Required work:
Among the records below, find the line that has "Casa vacanze Lovely"; from there, give the lines again exactly, and stop after the line that has "探索最新最热的宅文化频道——15频道深度解析".

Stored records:
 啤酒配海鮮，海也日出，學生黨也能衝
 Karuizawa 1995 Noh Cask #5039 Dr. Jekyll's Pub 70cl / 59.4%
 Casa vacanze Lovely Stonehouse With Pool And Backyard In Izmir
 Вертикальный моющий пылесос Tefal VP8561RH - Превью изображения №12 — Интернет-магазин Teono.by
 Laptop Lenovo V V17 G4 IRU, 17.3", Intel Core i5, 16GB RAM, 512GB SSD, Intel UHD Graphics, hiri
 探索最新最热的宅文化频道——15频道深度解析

==

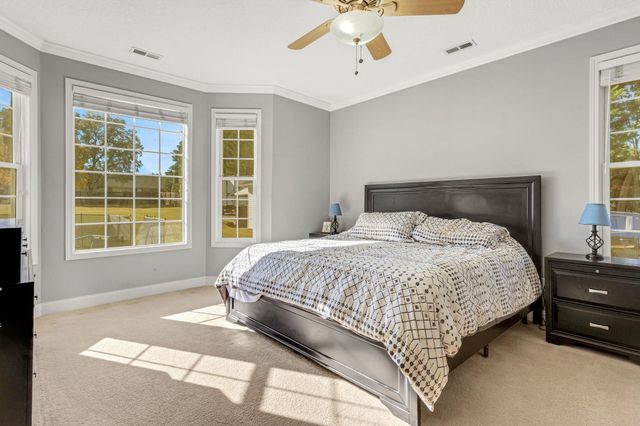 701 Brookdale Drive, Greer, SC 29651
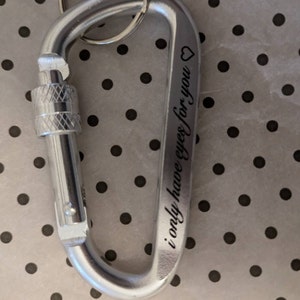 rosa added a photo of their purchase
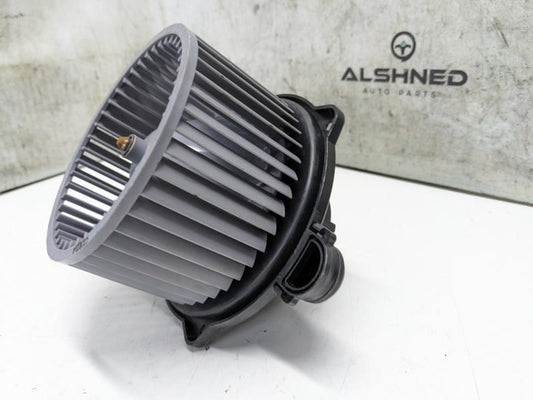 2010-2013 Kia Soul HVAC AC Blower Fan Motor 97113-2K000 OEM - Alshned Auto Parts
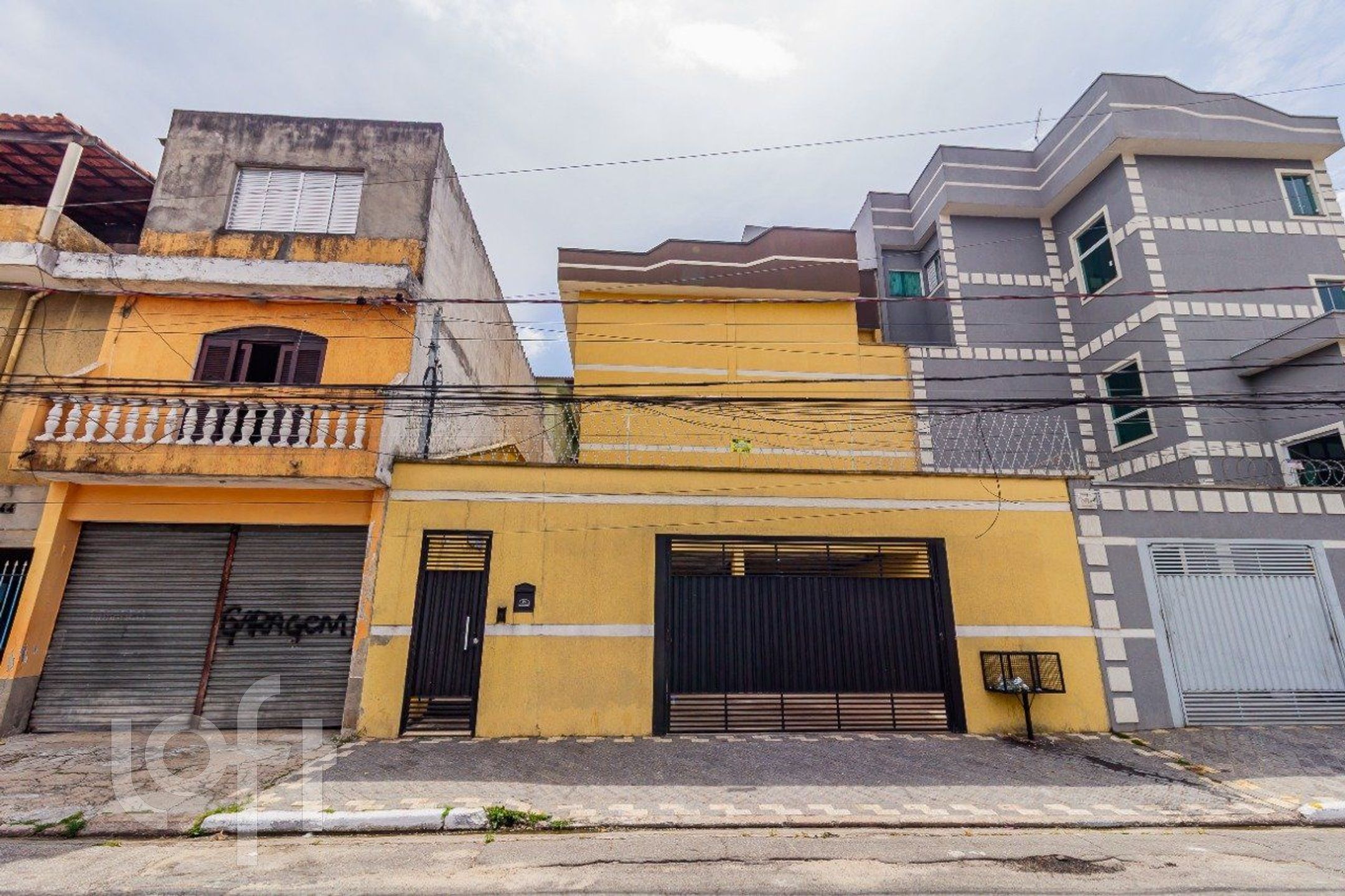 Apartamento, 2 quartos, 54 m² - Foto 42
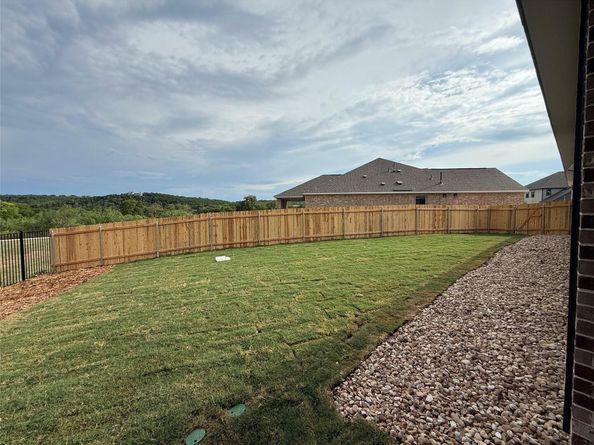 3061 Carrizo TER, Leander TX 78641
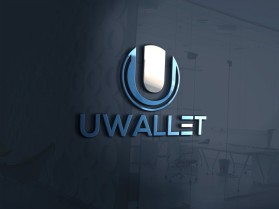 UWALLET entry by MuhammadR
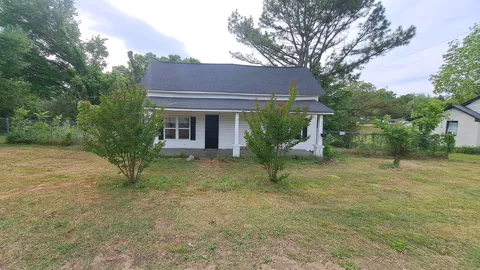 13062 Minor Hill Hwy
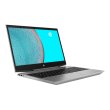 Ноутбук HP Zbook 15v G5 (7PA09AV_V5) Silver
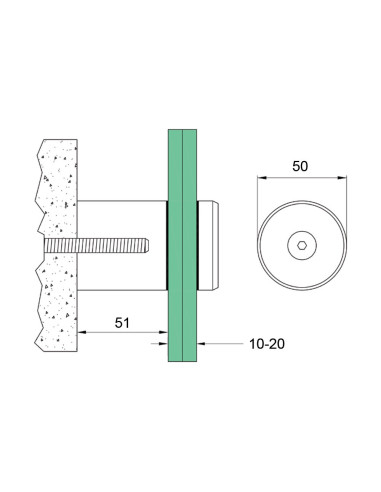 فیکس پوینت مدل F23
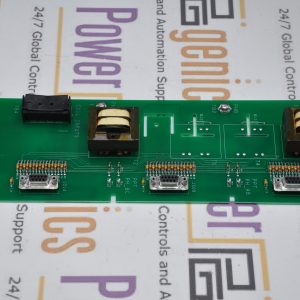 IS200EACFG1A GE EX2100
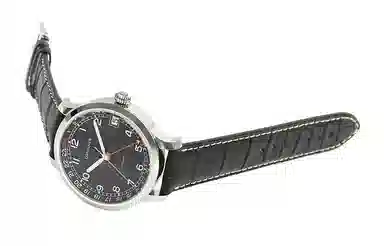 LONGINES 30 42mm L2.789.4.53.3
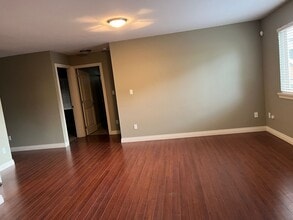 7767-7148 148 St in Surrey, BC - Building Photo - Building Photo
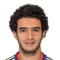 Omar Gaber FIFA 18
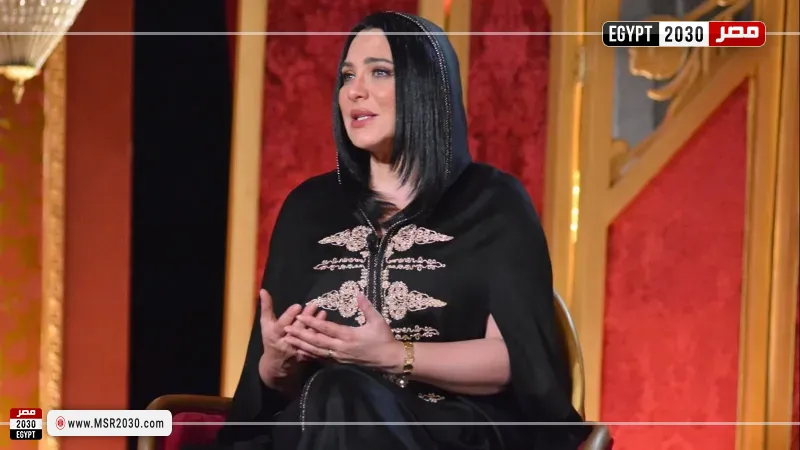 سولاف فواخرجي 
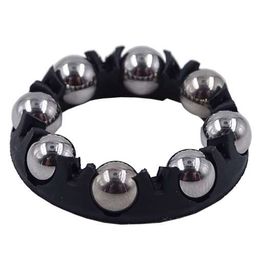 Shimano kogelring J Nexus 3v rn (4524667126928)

Problem solution:
 Casa vacanze Lovely Stonehouse With Pool And Backyard In Izmir
 Вертикальный моющий пылесос Tefal VP8561RH - Превью изображения №12 — Интернет-магазин Teono.by
 Laptop Lenovo V V17 G4 IRU, 17.3", Intel Core i5, 16GB RAM, 512GB SSD, Intel UHD Graphics, hiri
 探索最新最热的宅文化频道——15频道深度解析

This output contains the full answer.